CBA Monday Message – 19.06.17
Chair’s Update:
Francis FitzGibbon QC
Corruption
The horror of the Grenfell Tower fire eclipses other concerns this week and I hope you will permit me to share some early thoughts about it.
We take pride in British public institutions being free of corruption. According to Transparency International, the UK is tenth equal least corrupt country in the world, out of 176, with Germany and Luxembourg. TI regards unexplained wealth as a major cause of corruption; by an amendment to Section 362 of the Proceeds of Crime Act 20o2 made by Section 1 of the Criminal Finances Act 2017, the High Court can now issue ‘unexplained wealth orders’ – which require people to explain how they came by their wealth.
In the legal world, it is inconceivable that anyone could buy a judge; attempts to buy juries always come unstuck.
The Grenfell Tower disaster, however, may reveal a form of corruption that has crept into institutions by stealth, or inadvertence, at a deep level.
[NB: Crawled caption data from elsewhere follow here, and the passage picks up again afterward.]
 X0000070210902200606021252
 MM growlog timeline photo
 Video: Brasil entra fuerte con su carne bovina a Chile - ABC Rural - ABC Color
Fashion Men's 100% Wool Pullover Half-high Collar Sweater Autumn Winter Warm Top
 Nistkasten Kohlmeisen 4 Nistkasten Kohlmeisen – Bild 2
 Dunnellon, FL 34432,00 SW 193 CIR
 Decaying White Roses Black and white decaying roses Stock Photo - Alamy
Let’s assume that everyone concerned with the refurbishment and maintenance of the building did exactly what the regulations and their contracts required and no one has broken the law. But where are the lines of accountability when a public authority has outsourced its landlord functions to a private body? Where does the buck stop? Who is responsible for balancing spending decisions against safety? Who makes money out of it? Why are recommendations by a Coroner not acted on? It seems to me that corruption is the right term for a state of affairs which results in the deaths of poor people when a publicly owned building bursts uncontrollably into flames. A system that allows it to occur is corrupt.
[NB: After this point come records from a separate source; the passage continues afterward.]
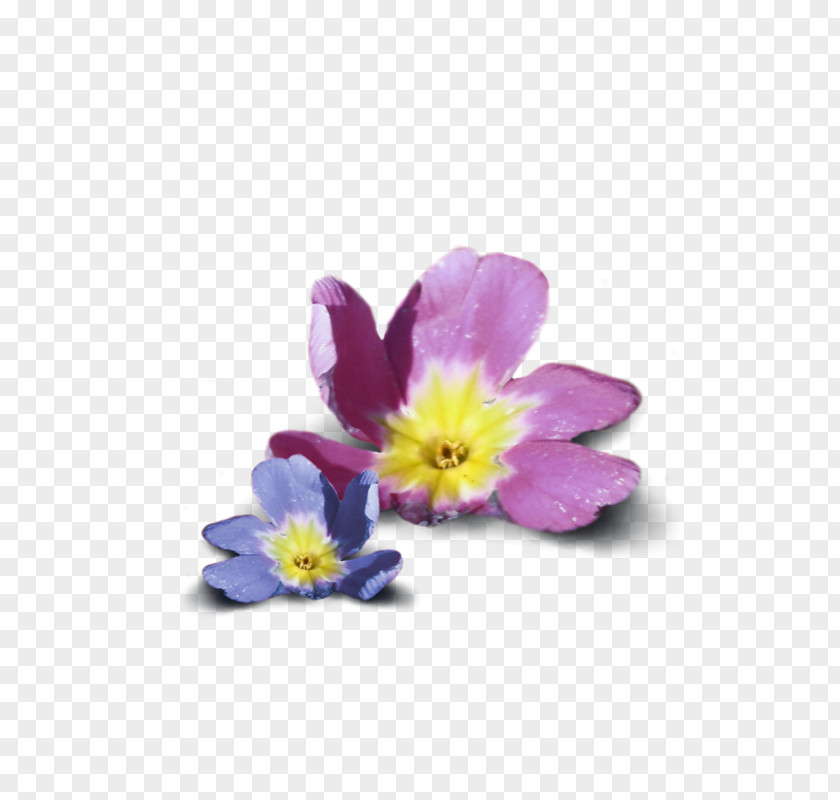 Flowers Floating Primrose Family Violet PNG
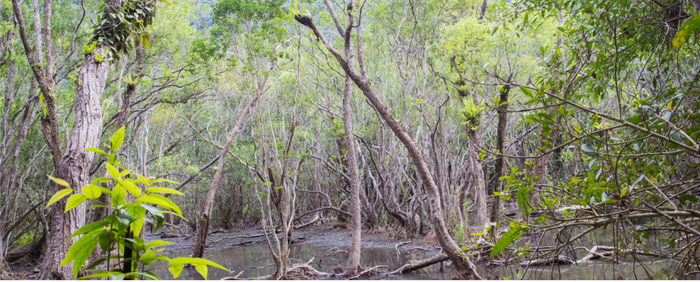 Cây và nước tại Ao Ếch trên đảo Cát Bà Cây và nước tại Ao Ếch trên đảo Cát Bà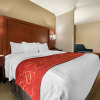 Отель Comfort Inn Louisville, фото 5
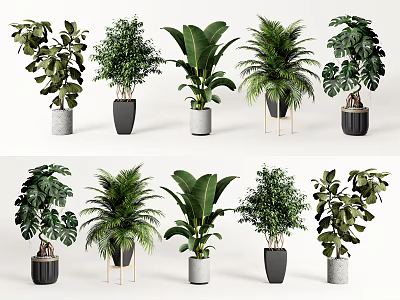 Various Decorative Bonsai Potted Plants With Different Leaf Shapes And Pot Designs 3d model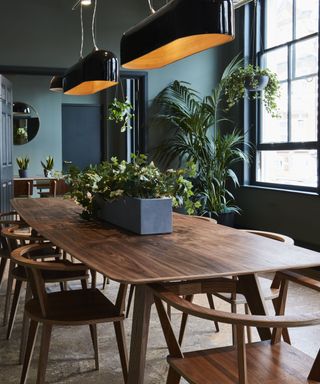 Dark green paint and plants in dining space in b_together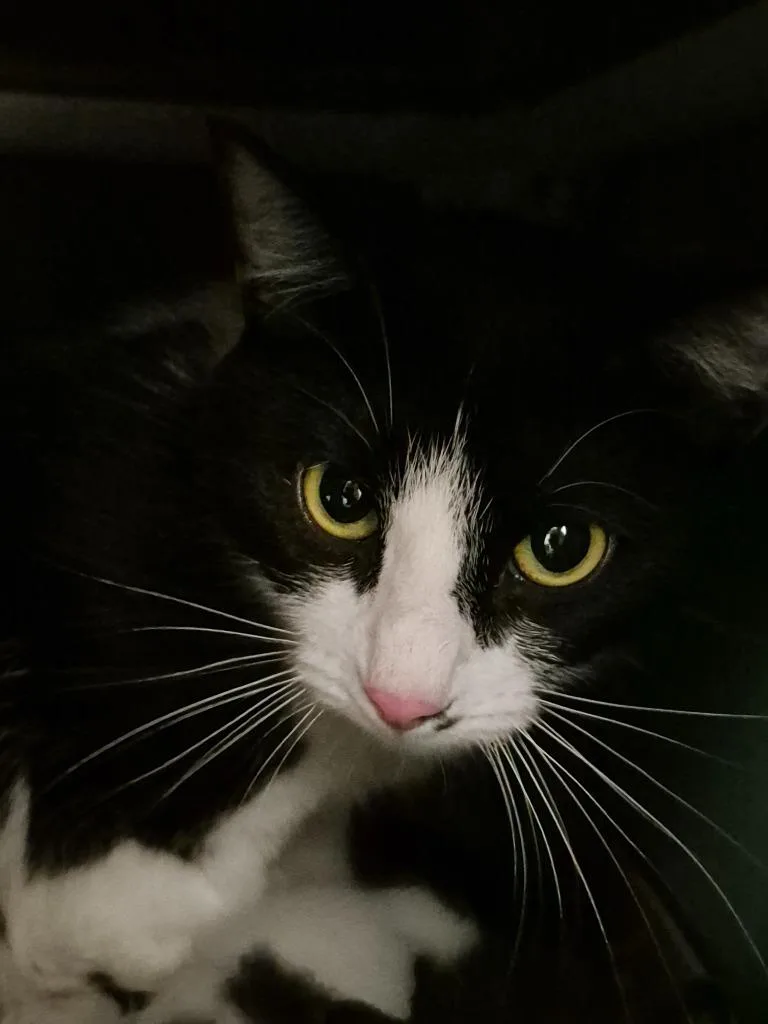 A young medium-sized female Domestic Short Hair cat named Gidget for adoption in Cincinnati, OH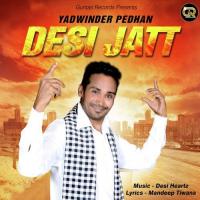 Desi Jatt Yadwinder Pedhan Song Download Mp3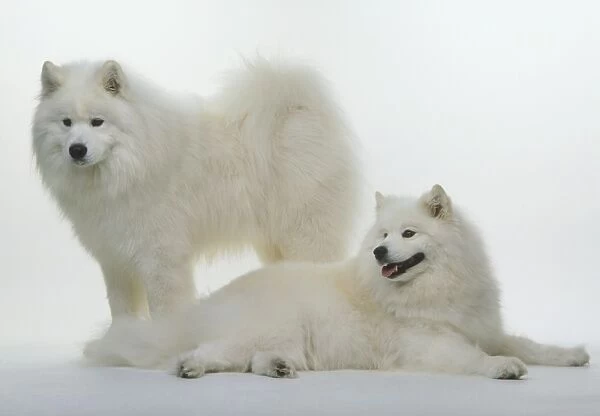 Two Samoyed dogs, one lying down, the other standing behind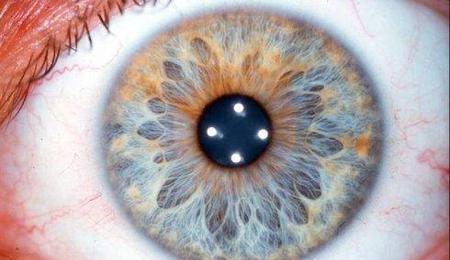 满族人的眼睛是什么颜色的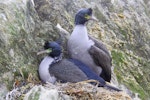 Pitt Island shag | Kawau o Rangihaute. Pair on nest. Point Munning, Chatham Islands, October 2012. Image © Mark Fraser by Mark Fraser.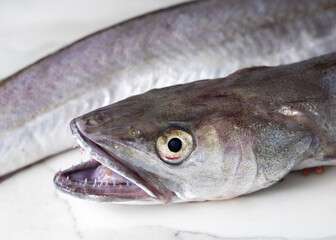 Fresh European hake fish on marble table, focus on eye and teeth. Raw uncooked Merluccius close-up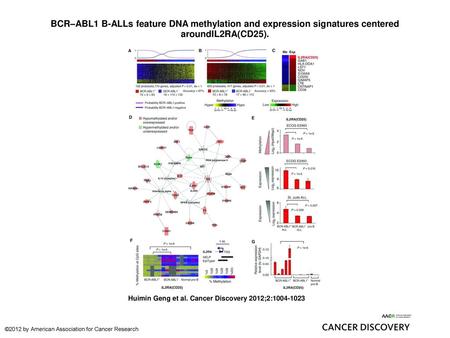 BCR–ABL1 B-ALLs feature DNA methylation and expression signatures centered aroundIL2RA(CD25). BCR–ABL1 B-ALLs feature DNA methylation and expression signatures.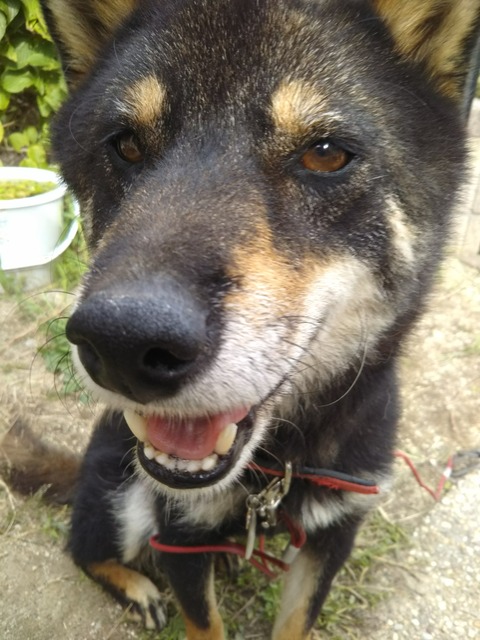 [画像:e123d2d9-s.jpg]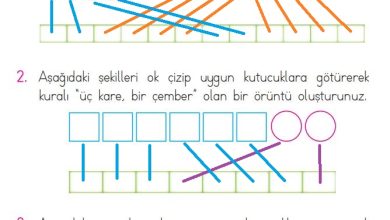 1. Sınıf Matematik Açılım Yayınları Sayfa 171 Cevapları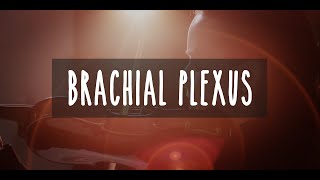 Virtuosity, How our Fingers Can Make Music: BRACHIAL PLEXUS - UBC Neuroanatomy - Season 2 - Ep 2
Some lawyers have offered their services to the survivors for free, and are to be congratulated for it. But they should not have to do so: the ability of poor people to enforce their legal rights without being shown charity should be non-negotiable in a society that claims to stand for the rule of law.
As some one else said this week, a poor public service that only serves the poor is a disgrace. If litigation follows the disaster, the institutions and corporations will get the best lawyers they can find, as is their perfect right. I recall Michael Gove’s words shortly after he became Lord Chancellor in 2015, when he said
There are 2 nations in our justice system at present. On the one hand, the wealthy, international class who can, for example, choose to settle cases in London with the gold standard of British justice. And then everyone else, who has to put up with a creaking, outdated system to see justice done in their own lives. The people who are let down most badly by our justice system are those who must take part in it through no fault or desire of their own…
There are really three nations: those who can pay for the best lawyers, the diminishing number who can get legal aid and a decent lawyer to act for them, and those who cannot get representation at all.